There are many aspects of testing software that fall into this invisible spectrum. Software itself is invisible. We see it only through the UI with much of what is happening doing so under the covers and out of our line of sight. It’s not like building a car in which you can clearly see missing pieces and many engineers can look at a car and get the exact same view of it. There is no arguing whether the car has a bumper installed, it is in plain sight for everyone involved to see. Not so with software which exists as magnetic fluctuations on storage media. It’s not a helpful visual.
Software testing is much like game playing while blindfolded. We can't see bugs; we can't see coverage; we can't see code changes. This information, so valuable to us as testers, is hidden in useless static reports. If someone outfitted us with an actual blindfold, we might not even notice.

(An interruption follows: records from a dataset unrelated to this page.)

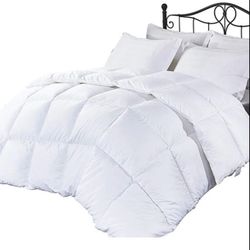 Down Alter. New Queen Bedding Ultra Soft Good Quality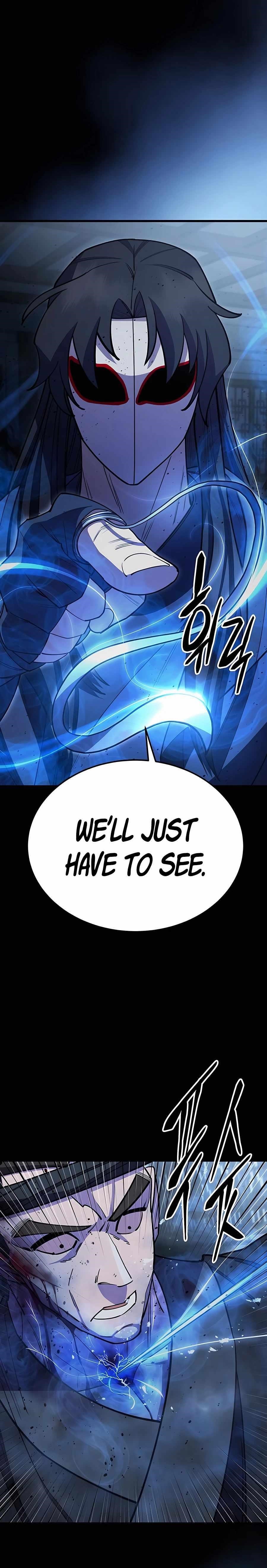 World’s Greatest Senior Disciple Chapter 52 - Page 20 in English
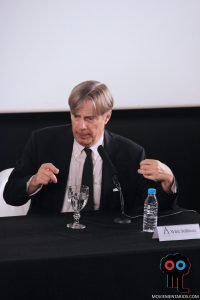 coloquio Whit Stillman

This blindness concerning our product and its behavior creates some very real problems for the software tester. Which parts of the software have enjoyed the most unit testing? Which parts have changed from one build to the next? Which parts have existing bugs posted against them? What part of the software does a specific test case cover? Which parts have been tested thoroughly and which parts have received no attention whatsoever?
Our folk remedy for the blindness plague has always been to measure code coverage, API/method coverage or UI coverage. We pick the things we can see the best and measure them, but do they really tell us anything? We’ve been doing it this way for years not because it is insightful, but simply because it is all our blindness will allow us to do. We’re interacting with our application under test a great deal, but we must rely on other, less concrete senses for any feedback about our effort.

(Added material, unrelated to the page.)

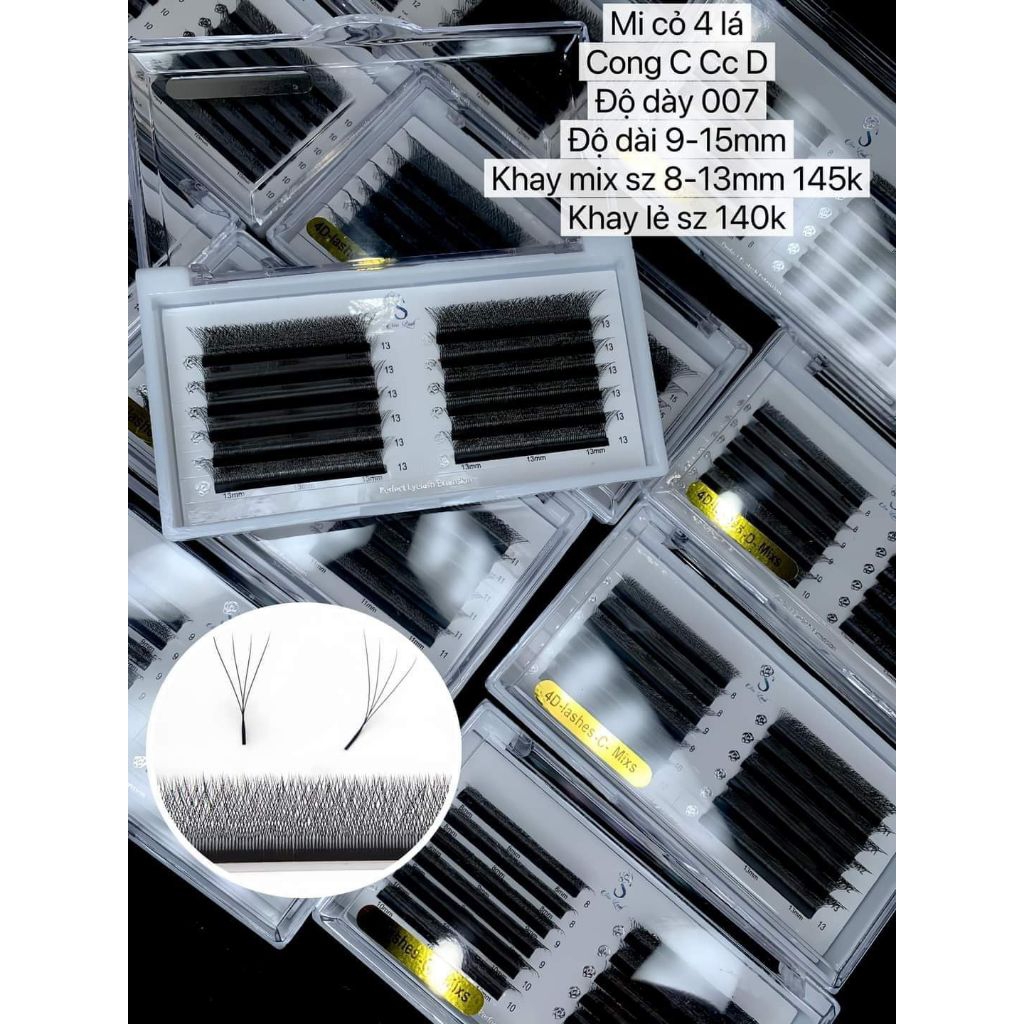 mi 4 lá Senlash 0.07 cong C-Cc-D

Software testers could learn a lot from the world of gaming. Turn on your heads up display and see the information you've been blind to. There's power in information.
There are two communities who regularly find bugs, the testers who are paid to find them and the users who stumble upon them quite by accident. Clearly the users aren’t doing so on purpose, but through the normal course of using the software to get work (or entertainment, socializing and so forth) done failures do occur. Often it is the magic combination of an application interacting with real user data on a real user’s computing environment that causes software to fail. Isn’t it obvious then that testers should endeavor to create such data and environmental conditions in the test lab in order to find these bugs before the software ships?
Actually, the test community has been diligently making an attempt to do just that for decades. I call this bringing the user into the test lab, either in body or in spirit. My own PhD dissertation was on the topic of statistical usage testing and I was nowhere near the first person to think of the idea as my multi-page bibliography will attest. But there is a natural limit to the success of such efforts. Testers simply cannot be users or simulate their actions in a realistic enough way to find all the important bugs. Unless you actually live in the software you will miss important issues.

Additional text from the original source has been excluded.